_INFORMATION SUPPLIED_:
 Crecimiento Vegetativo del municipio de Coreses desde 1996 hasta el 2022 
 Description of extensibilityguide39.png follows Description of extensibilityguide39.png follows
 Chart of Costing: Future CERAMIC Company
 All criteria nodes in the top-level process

_WHAT THE EXERCISE ASKS_: In the listing above, find the line with "Description of extensibilityguide39.png follows Description" and set down that line and all after it exactly, through the final line.

_OUTPUT BELOW_:
 Description of extensibilityguide39.png follows Description of extensibilityguide39.png follows
 Chart of Costing: Future CERAMIC Company
 All criteria nodes in the top-level process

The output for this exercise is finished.